§ Exercise description
With the images left out, print all of the records below exactly.

Top of Supplied entries

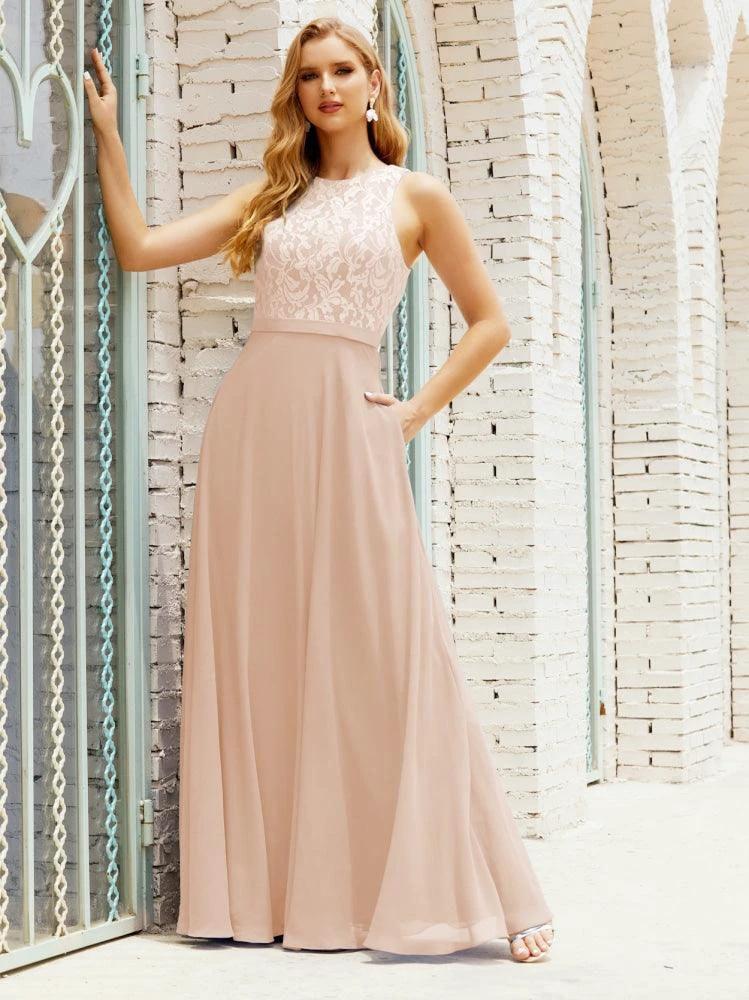 Lace Bridesmaid Dress Floor Length Evening Gowns with Pockets 28017 by numbersea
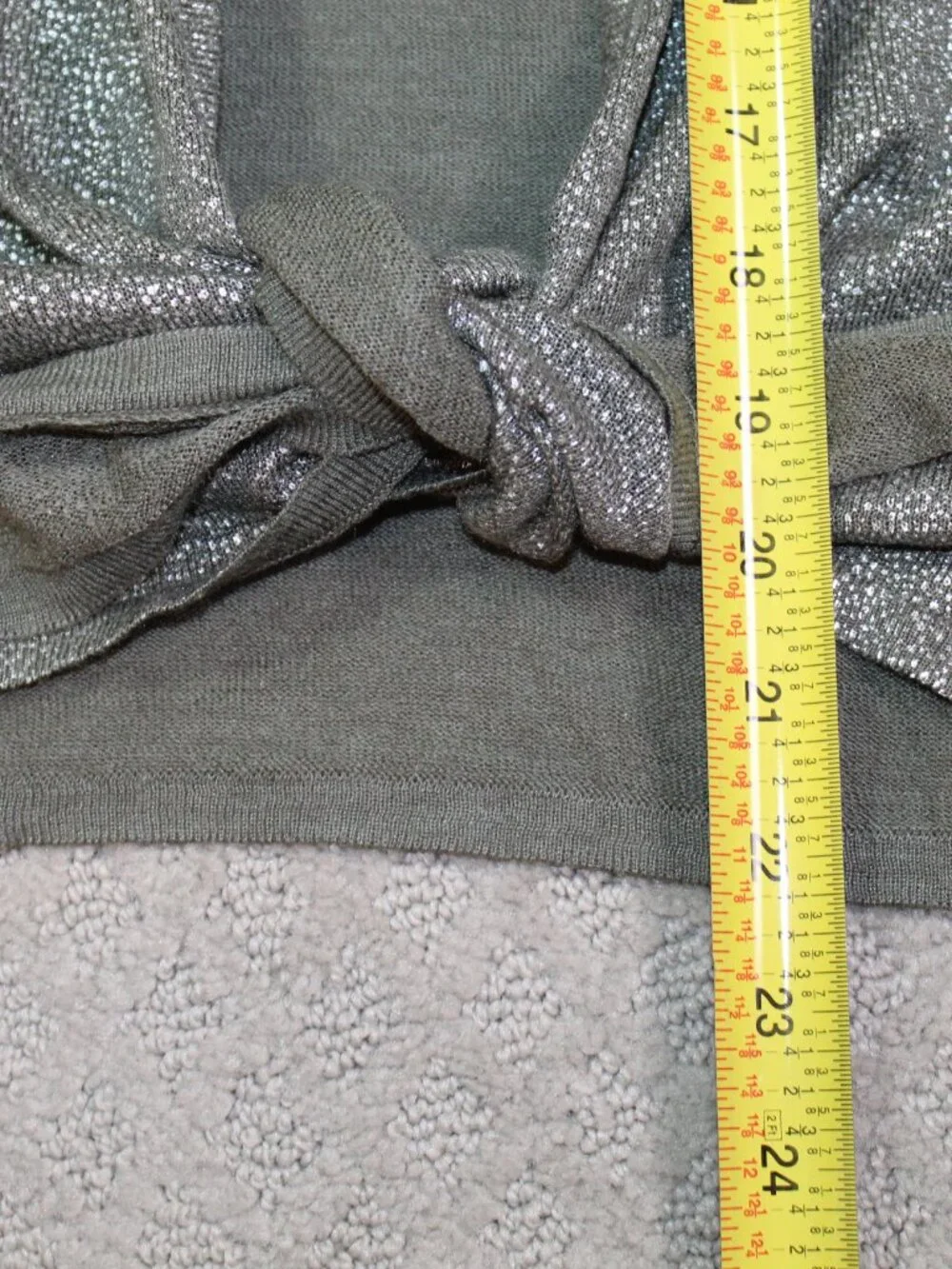 Chico's Cardigan Wm 12 /Sz 2 Glitter Silver Tie Front Long Sleeve Greenish Gray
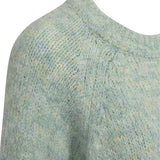 Free/Quent - Lulu 205507-Verde - Jersey verde claro jaspeado de lana con mangas ¾ - Mujer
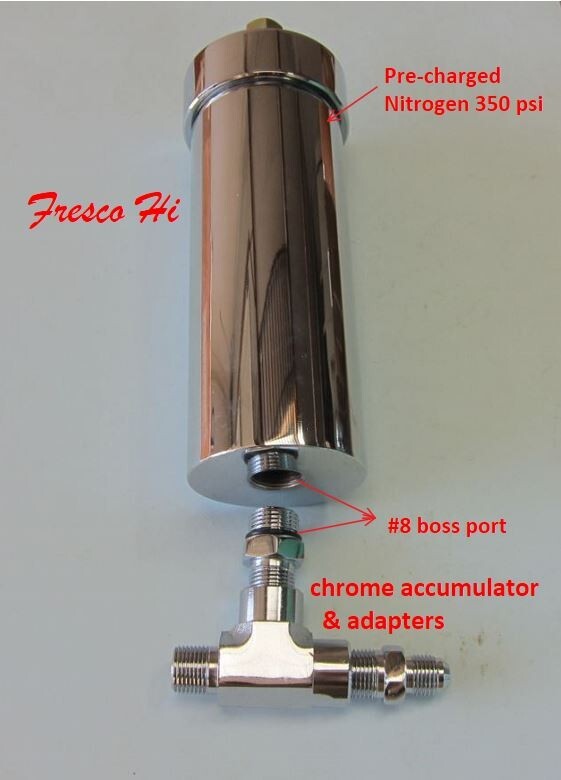 Lowrider Hydraulics accumulator, boss 8 port, pre-charged & adapters, all chrome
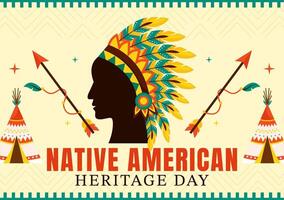 American Indian Heritage Celebration Art with Traditional Tribal Elements in a Cartoon Background vector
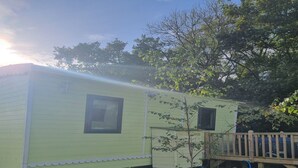 A small, single-story, light green cabin with a wooden deck and a small tree in front. - Glamping Hut - Sleeps 2, hot tub & Parking (Welshpool)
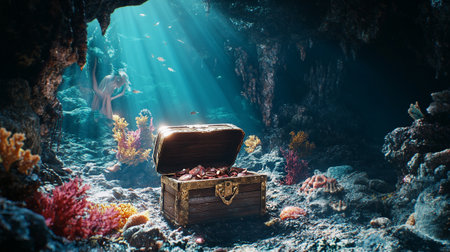 Treasure chest in the underwater cave with corals and sunlight.の写真素材
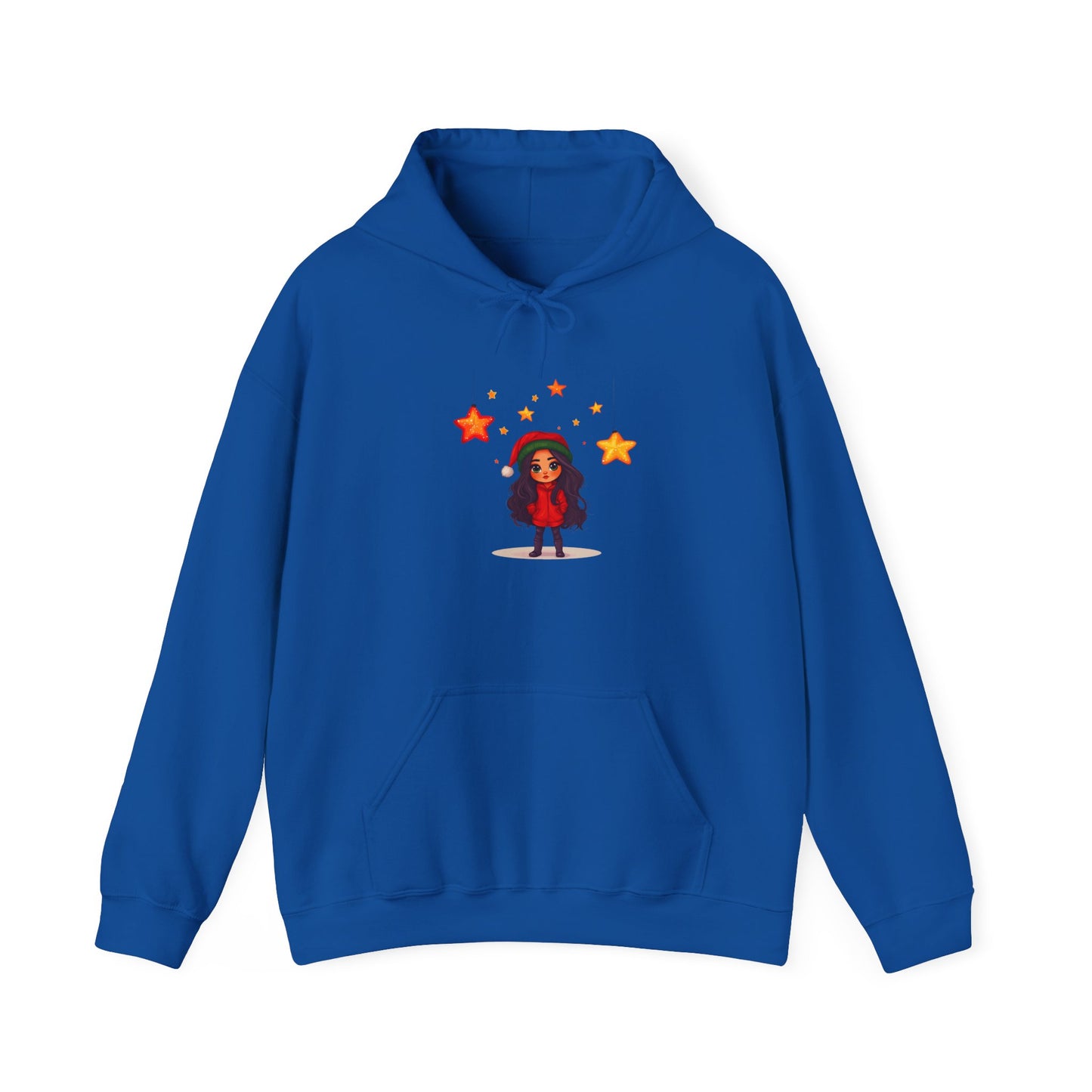 Cute Christmas Starry Ornaments Girl Unisex Heavy Blend™ Hooded Sweatshirt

Bottom of Supplied entries

§ Response for this exercise
 Lace Bridesmaid Dress Floor Length Evening Gowns with Pockets 28017 by numbersea
 Chico's Cardigan Wm 12 /Sz 2 Glitter Silver Tie Front Long Sleeve Greenish Gray
 Free/Quent - Lulu 205507-Verde - Jersey verde claro jaspeado de lana con mangas ¾ - Mujer
 Lowrider Hydraulics accumulator, boss 8 port, pre-charged & adapters, all chrome
 American Indian Heritage Celebration Art with Traditional Tribal Elements in a Cartoon Background vector
 A small, single-story, light green cabin with a wooden deck and a small tree in front. - Glamping Hut - Sleeps 2, hot tub & Parking (Welshpool)
 Treasure chest in the underwater cave with corals and sunlight.の写真素材
 Cute Christmas Starry Ornaments Girl Unisex Heavy Blend™ Hooded Sweatshirt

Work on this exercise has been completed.